>>
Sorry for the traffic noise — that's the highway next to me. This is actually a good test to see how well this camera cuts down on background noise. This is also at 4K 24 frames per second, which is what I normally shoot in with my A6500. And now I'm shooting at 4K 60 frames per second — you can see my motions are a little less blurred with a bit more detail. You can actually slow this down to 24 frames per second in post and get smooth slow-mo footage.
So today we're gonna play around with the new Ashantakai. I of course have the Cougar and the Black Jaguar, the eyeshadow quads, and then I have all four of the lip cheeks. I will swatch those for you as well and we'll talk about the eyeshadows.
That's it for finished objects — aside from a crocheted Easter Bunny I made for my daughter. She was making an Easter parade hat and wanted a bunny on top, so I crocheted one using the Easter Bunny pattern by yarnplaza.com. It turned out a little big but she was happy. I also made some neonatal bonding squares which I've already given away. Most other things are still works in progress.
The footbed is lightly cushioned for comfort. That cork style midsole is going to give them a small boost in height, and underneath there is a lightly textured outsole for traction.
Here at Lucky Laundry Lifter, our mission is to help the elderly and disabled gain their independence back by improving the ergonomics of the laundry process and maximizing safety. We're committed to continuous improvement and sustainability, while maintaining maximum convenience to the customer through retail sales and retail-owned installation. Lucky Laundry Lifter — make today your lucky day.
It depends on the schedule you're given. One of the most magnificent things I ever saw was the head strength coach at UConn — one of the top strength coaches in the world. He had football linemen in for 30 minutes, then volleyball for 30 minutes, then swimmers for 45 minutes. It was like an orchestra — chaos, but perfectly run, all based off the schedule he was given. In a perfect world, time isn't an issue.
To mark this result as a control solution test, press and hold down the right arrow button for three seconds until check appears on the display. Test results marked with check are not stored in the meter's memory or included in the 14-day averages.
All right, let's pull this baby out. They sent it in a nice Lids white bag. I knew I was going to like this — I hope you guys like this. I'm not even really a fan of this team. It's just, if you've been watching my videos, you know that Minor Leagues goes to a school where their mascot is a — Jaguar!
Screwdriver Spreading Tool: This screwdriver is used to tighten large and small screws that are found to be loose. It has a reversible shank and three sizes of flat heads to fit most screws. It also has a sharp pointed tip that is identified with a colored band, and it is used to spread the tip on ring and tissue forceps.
<<
** Description of the task **
Reply with exactly the lines above from the one that contains "To mark this" through the final line of the material, and with nothing else.

** Solution for this task **
To mark this result as a control solution test, press and hold down the right arrow button for three seconds until check appears on the display. Test results marked with check are not stored in the meter's memory or included in the 14-day averages.
All right, let's pull this baby out. They sent it in a nice Lids white bag. I knew I was going to like this — I hope you guys like this. I'm not even really a fan of this team. It's just, if you've been watching my videos, you know that Minor Leagues goes to a school where their mascot is a — Jaguar!
Screwdriver Spreading Tool: This screwdriver is used to tighten large and small screws that are found to be loose. It has a reversible shank and three sizes of flat heads to fit most screws. It also has a sharp pointed tip that is identified with a colored band, and it is used to spread the tip on ring and tissue forceps.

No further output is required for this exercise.